Cain’s intentions, however, remained unclear. His personal attorney, Lin Wood, said the candidate was deciding whether to drop out of the race. Cain’s campaign spokesman said he isn’t making that decision now. And Cain’s campaign manager, Mark Block, said in an interview with ABC News on Tuesday night that there is “no way he’s dropping out.” Block said the term “reassessment” was meant to imply a “strategic reassessment” and “not a reassessment of withdrawing” from the race.
But after months of dismissing criticism of his ideas and separate allegations of sexual harassment, Cain essentially was admitting something new: This one had hurt.
“With this latest one, we have to do an assessment,” Cain said. He denied the most recent allegation, as he has the others. “As to whether or not this is going to create too much of a cloud, in some people’s minds, as to whether or not they would be able to support us going forth.”
Cain said he would continue to campaign for the Republican nomination while he spends several days considering his chances.
Supporters who recently spoke with Cain painted a conflicting portrait: Some described him as upbeat and determined to press on. And in a confident speech on foreign policy in Hillsdale, Mich., on Tuesday night, he showed no signs of giving up.
In a fundraising e-mail sent Tuesday, Cain referred to the new allegation and said: “I am not deterred. . . . We will continue on this journey to make America great once again.”
But a different assessment was offered by an associate who said that, even nine days ago, Cain was resigned to the fact that his momentum had peaked and his campaign was losing steam.
“He was acutely aware of his own mortality,” said the associate, who spoke on the condition of anonymity to describe what was characterized as a private conversation.
If Cain bows out of the race, the candidate most likely to benefit would be former House speaker Newt Gingrich, who has surged in the polls as Cain has declined. With both Texas Gov. Rick Perry and Rep. Michele Bachmann (Minn.) having faded, Gingrich could make the case that he is the last, best hope for conservatives to challenge former Massachusetts governor Mitt Romney.

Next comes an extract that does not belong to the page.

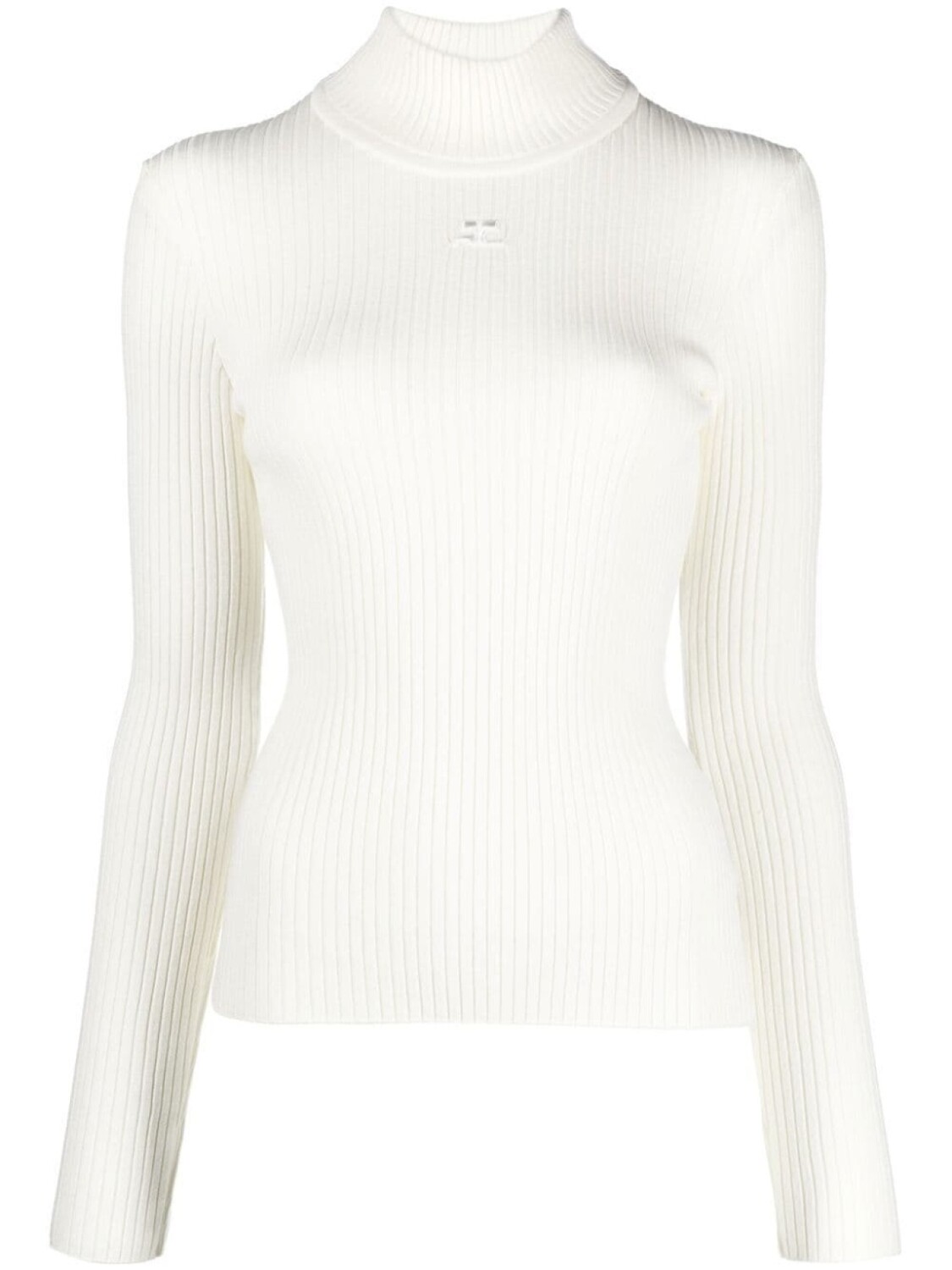 Courrèges топ с воротником-воронкой и длинными рукавами, нейтральный цвет
Courrèges топ с воротником-воронкой и длинными рукавами, нейтральный цвет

“I think it benefits Newt because it is in Romney’s interests to have the conservative vote as widely dispersed as possible,” said Rich Galen, a former aide to Gingrich who is neutral in the current race.
Supporters on Tuesday’s conference call said they were unclear what would happen next — even after hearing from the candidate himself.
“They’re just trying to figure out, in the next few days, where this leads them,” said Scott Plakon (R), a Florida state legislator and a state co-chairman of Cain’s campaign. He added: “What that exactly means, I do not know.”